Cette fille de planteur issue d’un milieu modeste, entre sur la scène politique en 1974, à l'âge de 24 ans, en devenant membre du Parti Communiste Réunionnais. La même année, elle devient membre de l’Union des Femmes de La Réunion (UFR) et milite aux côtés de Laurence Vergès. Institutrice, directrice d’école, présidente de l’UFR dès 1978, conseillère générale, régionale, 1ère femme députée de l’ile de 1997 à 2020 et maire de Saint-Paul entre 2008 et 2014 et depuis 2020, c’est une femme engagée, l’humain reste au cœur de ses valeurs et de ses préoccupations.

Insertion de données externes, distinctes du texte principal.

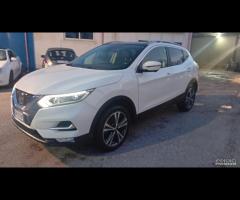 Nissan qashqai 1.5 dci tekna-2018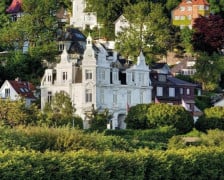 The Best Hotels in Blankenese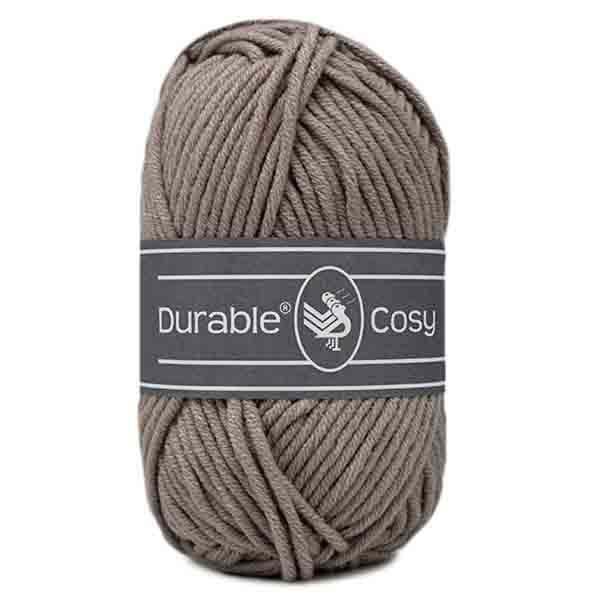 Durable Cosy 343 Warm taupe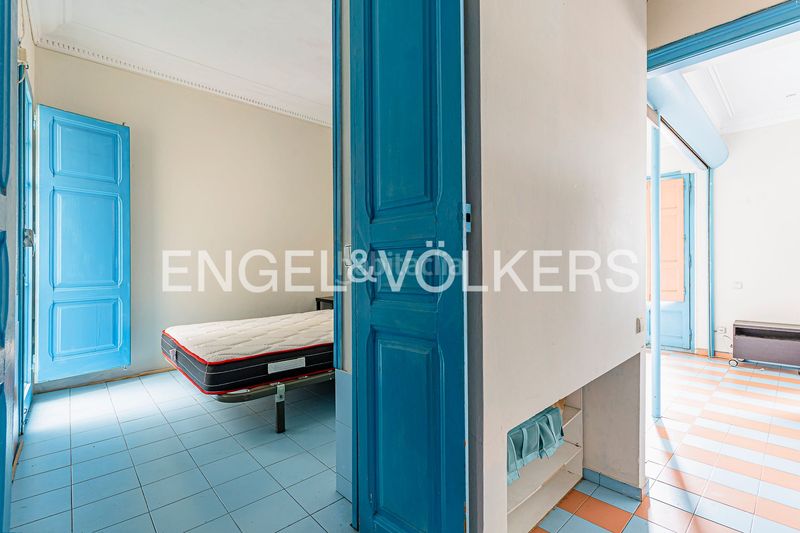 Foto f969fc86-7c80-4a98-bd28-5e16c598d2e0. Pis amb calefacció a Font de la Guatlla Barcelona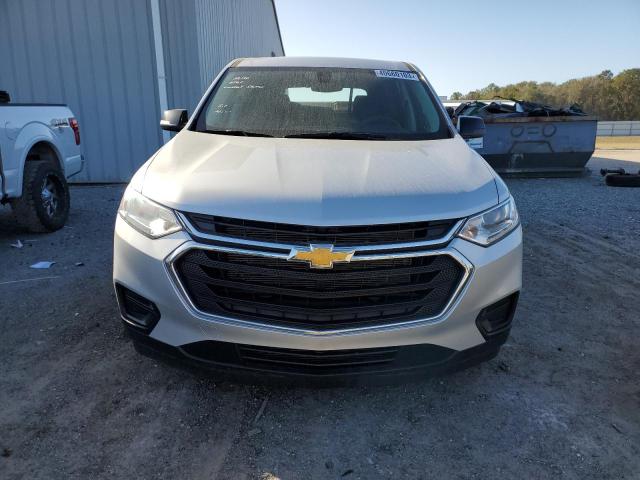 Photo 5 from auction – 2021 CHEVROLET TRAVERSE L with VIN 1GNERFKW2MJ229769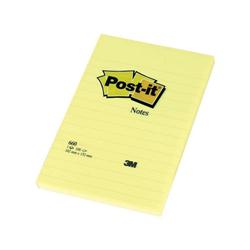 3M POST-IT PAD 6INX4IN REF 660 PK6 3M POST-IT PAD 6INX4IN REF 660 PK6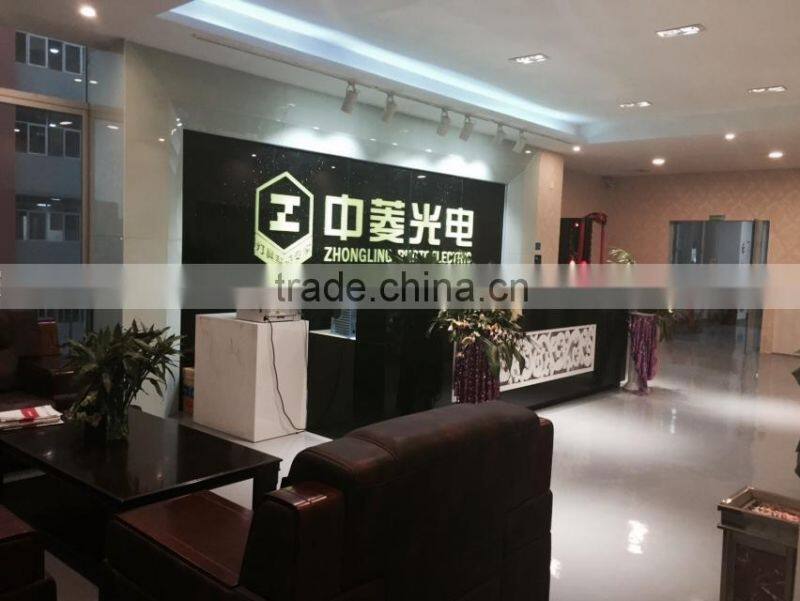 Zhongshan Zhongling Lighting Co., Ltd. company overview - view 1
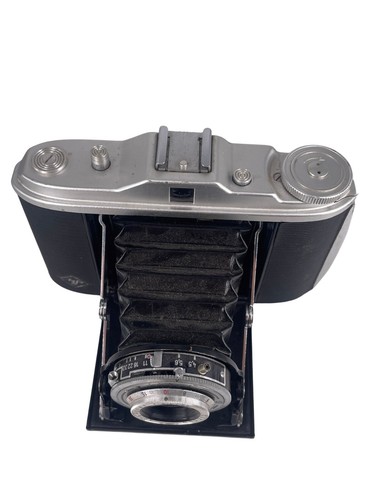 Appareil Photo Vintage Agfa Isolette I | Allemagne - Photo 5/11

On lui connaît aussi des polémiques et des controverses. Certains lui reprochent notamment ses propos anti zoreil. En Septembre 2011, elle est accusée de racisme anti blanc après des propos tenus à l’égard d’un métropolitain installé à La Réunion. En effet, le 20 septembre 2011, après une attaque mortelle de requin sur la plage de Boucan-Canot, elle est prise à partie par un groupe de surfeurs. Elle avait répondu à l’un d’eux qui l’interpellait sur le fait qu’il n’avait jamais vu un tel problème à La Réunion depuis vingt ans : « C’est mon pays monsieur, je connais mon pays, ça fait soixante ans que j’y vis.»
En tout état de cause, dimanche soir, Huguette Bello a promis d’être « la présidente de tous les Réunionnaises et les Réunionnais. Ensemble nous ferons de notre île une terre de progrès, une terre d’excellence écologique, au service d’un peuple libre, émancipé ».